Благодаря крупному успеху, сопровождавшему все выступления Рахманинова в течение этих двух лет (1904–1906), Рахманинову было предложено дирекцией продирижировать несколькими спектаклями в Мариинской опере в Петербурге. Его успехи и там были очень большие. В конце второго сезона Рахманинов, несмотря на просьбы и уговоры дирекции, не возобновил контракта с театром. Он сознавал, что, только порвав с последним, сможет опять начать сочинять. Он говорил, что чужая музыка ему мешает.
Проведя лето с семьей в деревне, он уехал осенью из Ивановки с женой и дочерью за границу и поселился в Дрездене. Он искал уединения и не находил больше в Москве достаточного покоя. Жизнь в Москве била ключом, и ему трудно было отгородиться от суеты, волнений и многочисленных друзей и знакомых.

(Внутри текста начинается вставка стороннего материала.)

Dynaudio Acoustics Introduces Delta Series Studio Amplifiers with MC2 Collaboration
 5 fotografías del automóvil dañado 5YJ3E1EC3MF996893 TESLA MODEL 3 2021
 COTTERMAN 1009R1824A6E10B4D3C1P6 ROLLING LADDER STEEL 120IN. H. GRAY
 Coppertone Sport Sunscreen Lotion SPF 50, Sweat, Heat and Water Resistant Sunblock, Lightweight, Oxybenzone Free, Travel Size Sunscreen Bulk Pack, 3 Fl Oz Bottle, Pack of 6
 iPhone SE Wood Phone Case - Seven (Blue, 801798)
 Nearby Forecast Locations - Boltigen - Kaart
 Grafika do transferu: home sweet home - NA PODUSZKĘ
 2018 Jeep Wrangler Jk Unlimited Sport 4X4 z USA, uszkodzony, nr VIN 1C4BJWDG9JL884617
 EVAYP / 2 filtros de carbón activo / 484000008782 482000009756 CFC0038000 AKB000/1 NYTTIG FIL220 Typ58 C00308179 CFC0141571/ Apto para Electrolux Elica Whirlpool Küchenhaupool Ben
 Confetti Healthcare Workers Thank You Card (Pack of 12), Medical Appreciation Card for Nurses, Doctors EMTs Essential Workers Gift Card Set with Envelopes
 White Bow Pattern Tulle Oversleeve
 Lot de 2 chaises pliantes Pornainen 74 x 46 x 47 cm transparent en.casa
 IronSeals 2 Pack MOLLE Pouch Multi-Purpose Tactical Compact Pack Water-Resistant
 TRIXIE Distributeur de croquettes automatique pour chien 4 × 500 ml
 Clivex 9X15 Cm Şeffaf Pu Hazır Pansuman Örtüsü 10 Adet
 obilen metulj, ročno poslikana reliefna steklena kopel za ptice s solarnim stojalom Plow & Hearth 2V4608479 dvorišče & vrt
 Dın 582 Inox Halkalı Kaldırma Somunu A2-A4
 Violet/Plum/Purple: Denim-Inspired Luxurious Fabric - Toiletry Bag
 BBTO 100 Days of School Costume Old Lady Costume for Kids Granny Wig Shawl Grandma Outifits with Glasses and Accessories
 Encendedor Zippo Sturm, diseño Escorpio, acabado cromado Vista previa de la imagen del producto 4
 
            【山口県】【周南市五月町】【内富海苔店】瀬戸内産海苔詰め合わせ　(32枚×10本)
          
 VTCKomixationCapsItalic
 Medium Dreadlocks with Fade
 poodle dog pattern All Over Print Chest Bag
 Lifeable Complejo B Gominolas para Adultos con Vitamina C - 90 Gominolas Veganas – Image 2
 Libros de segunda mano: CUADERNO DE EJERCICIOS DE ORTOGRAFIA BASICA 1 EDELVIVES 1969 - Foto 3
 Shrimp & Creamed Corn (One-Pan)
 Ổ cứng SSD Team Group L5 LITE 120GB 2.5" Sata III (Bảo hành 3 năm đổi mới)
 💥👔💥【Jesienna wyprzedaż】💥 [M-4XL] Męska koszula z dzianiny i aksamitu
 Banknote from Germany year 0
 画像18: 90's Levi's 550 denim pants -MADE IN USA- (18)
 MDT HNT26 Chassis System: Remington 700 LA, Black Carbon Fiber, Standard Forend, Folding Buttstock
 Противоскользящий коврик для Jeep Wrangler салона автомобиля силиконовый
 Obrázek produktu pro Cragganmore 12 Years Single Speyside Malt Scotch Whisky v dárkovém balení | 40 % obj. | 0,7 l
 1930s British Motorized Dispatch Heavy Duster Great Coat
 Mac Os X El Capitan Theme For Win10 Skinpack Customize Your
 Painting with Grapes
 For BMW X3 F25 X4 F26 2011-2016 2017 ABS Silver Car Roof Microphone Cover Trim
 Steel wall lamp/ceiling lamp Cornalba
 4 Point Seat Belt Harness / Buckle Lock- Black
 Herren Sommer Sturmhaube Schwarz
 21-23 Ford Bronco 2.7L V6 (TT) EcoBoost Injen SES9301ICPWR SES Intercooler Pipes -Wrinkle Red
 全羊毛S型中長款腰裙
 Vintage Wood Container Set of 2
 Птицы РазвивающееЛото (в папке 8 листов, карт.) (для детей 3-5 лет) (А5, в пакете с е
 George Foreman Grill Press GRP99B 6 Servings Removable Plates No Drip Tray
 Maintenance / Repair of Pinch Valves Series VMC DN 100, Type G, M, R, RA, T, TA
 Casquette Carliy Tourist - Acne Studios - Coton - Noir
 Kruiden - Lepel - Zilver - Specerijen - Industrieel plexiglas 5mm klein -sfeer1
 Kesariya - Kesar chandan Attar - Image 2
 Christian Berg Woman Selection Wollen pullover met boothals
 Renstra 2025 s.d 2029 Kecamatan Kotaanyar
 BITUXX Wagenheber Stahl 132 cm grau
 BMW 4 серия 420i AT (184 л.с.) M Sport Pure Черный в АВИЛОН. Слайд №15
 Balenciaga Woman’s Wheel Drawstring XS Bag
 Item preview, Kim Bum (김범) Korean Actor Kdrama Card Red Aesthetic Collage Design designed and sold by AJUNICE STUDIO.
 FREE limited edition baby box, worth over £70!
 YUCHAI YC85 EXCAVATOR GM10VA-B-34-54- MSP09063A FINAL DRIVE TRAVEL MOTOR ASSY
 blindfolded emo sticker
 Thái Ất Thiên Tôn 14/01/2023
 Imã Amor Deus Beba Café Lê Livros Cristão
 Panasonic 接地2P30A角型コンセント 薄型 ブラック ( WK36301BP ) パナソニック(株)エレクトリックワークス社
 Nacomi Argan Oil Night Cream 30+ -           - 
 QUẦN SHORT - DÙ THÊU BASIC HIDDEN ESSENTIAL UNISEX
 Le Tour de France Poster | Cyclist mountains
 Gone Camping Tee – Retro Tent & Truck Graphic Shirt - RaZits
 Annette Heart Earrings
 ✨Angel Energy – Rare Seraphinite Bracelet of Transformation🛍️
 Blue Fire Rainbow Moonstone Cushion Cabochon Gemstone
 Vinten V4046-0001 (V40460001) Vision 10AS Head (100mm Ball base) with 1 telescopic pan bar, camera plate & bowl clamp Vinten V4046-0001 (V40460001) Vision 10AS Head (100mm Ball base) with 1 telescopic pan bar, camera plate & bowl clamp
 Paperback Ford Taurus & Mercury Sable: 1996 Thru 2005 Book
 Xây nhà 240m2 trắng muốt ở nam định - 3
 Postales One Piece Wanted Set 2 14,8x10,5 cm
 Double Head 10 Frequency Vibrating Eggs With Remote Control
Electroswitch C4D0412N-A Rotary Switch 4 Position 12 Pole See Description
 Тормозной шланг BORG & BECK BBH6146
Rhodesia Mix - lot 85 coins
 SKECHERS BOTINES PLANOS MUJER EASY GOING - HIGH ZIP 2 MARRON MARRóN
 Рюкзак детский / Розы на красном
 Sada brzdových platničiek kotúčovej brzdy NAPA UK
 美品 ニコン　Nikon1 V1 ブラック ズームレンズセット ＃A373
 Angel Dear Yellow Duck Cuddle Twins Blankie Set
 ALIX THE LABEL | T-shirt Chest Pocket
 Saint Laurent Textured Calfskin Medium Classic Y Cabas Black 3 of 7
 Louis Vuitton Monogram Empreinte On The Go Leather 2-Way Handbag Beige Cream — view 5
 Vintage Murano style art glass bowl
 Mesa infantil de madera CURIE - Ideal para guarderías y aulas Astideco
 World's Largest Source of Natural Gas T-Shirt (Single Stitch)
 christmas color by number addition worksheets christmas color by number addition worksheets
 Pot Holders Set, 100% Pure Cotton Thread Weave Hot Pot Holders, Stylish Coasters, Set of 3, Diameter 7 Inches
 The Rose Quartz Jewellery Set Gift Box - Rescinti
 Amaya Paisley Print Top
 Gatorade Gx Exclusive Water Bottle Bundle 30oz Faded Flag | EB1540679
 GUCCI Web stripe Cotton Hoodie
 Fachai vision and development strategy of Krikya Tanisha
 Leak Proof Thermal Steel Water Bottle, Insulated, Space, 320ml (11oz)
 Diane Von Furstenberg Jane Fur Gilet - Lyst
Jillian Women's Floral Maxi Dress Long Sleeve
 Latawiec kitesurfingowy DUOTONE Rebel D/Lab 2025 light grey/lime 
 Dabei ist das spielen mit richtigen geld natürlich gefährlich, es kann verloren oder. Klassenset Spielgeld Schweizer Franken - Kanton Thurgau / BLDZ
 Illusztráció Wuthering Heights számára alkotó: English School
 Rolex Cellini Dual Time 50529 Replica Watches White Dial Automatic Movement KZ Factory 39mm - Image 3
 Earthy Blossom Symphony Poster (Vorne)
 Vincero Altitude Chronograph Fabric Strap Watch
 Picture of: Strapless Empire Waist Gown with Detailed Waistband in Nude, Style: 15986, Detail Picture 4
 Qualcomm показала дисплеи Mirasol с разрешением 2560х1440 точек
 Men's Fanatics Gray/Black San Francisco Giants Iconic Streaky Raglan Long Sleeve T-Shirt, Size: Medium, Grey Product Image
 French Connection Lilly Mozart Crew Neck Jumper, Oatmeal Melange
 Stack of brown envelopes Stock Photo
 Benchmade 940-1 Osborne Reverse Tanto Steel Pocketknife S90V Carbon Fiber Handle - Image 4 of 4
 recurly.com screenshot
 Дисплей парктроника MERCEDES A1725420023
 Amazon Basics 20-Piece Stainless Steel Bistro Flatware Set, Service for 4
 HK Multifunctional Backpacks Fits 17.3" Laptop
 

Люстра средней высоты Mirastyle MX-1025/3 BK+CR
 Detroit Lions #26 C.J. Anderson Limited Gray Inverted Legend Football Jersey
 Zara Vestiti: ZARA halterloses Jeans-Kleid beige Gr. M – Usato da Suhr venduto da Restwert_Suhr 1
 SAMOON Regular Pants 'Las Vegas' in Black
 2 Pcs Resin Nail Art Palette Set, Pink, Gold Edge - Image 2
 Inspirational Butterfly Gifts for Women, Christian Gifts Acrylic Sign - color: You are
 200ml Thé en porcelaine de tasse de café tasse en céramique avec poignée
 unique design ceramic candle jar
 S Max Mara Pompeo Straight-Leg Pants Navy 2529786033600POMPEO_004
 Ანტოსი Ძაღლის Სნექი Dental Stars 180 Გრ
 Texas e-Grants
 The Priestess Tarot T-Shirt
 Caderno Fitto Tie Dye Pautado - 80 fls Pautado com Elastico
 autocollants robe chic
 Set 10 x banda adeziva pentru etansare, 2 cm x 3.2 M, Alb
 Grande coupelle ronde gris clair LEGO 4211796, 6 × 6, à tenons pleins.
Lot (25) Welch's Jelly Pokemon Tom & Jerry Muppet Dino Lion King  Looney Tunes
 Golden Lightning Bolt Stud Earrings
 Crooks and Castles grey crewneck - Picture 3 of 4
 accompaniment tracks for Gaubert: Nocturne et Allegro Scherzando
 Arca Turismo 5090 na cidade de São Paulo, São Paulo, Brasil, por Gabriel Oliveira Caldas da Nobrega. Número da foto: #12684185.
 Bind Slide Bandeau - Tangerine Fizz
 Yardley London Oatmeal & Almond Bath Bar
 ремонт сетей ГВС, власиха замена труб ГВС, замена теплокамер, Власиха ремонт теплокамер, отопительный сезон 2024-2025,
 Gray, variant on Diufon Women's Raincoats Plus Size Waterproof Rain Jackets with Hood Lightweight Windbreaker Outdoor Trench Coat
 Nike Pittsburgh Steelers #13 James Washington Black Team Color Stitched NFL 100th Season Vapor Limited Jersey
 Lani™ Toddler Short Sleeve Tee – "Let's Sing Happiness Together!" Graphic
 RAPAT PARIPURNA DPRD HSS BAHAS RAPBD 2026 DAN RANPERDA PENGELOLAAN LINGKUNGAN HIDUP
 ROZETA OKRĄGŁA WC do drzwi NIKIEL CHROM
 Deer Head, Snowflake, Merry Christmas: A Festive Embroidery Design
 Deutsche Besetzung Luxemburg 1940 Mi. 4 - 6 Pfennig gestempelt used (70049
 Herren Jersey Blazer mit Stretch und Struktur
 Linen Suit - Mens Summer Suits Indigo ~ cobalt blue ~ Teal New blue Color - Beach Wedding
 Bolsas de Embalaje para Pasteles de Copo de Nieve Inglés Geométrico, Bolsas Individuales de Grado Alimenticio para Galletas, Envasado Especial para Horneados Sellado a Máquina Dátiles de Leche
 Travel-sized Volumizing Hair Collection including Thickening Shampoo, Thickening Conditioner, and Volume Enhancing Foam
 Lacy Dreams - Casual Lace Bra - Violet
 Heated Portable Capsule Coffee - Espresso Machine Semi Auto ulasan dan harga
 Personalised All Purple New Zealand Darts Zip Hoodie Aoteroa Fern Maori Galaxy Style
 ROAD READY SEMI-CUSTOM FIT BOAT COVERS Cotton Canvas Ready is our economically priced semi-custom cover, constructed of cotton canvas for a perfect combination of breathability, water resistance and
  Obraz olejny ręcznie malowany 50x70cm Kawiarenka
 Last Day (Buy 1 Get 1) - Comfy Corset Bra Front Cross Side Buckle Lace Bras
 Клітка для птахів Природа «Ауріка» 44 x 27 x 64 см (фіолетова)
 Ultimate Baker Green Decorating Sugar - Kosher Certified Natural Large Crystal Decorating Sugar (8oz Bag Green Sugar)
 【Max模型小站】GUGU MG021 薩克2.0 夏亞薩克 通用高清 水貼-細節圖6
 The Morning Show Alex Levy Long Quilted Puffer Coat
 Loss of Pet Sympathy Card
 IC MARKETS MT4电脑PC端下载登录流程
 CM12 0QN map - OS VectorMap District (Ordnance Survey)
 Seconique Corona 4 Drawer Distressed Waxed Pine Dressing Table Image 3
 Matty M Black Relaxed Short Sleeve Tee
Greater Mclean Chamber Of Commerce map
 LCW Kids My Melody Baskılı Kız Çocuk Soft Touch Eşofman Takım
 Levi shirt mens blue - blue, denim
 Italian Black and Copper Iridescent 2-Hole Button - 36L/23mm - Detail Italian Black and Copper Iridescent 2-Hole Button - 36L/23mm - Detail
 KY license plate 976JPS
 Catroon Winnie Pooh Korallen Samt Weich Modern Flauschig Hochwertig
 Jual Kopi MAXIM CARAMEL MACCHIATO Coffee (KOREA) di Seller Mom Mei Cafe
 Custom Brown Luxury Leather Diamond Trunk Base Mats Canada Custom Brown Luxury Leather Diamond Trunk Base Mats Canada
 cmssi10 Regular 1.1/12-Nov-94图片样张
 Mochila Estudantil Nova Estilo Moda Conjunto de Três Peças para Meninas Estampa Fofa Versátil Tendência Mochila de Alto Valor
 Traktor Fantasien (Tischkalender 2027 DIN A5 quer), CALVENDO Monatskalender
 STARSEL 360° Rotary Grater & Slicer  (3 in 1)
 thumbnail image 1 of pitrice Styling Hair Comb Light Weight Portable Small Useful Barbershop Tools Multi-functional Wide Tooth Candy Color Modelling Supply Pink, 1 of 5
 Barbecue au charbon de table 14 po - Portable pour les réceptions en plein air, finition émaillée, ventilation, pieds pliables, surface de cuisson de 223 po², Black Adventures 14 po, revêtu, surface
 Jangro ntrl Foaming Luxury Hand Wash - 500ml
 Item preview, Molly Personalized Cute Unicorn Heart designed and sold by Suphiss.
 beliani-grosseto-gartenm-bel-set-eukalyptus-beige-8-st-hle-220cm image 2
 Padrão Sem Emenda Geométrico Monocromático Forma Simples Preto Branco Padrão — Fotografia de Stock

За три зимы, проведенные за границей (Рахманинов каждое лето с семьей возвращался в Ивановку), он написал Пятнадцать романсов ор. 26, которые посвятил М.С. и А.М. Керзиным (1906), эти романсы были исполнены в ту же зиму в концерте Керзиных; Вторую симфонию ор. 27 (1907), посвященную С.И. Танееву; Первую сонату для фортепиано ор. 28 и «Остров мертвых» ор. 29 (1908). Временами его занятия все же прерывались из-за концертов, которые он давал и в Европе, и в России. Выступал он и как дирижер и как пианист, но так как в эти годы он не мог уделять много времени упражнению на фортепиано, то не решался уже исполнять в концертах произведения других авторов, а начал играть исключительно свои сочинения.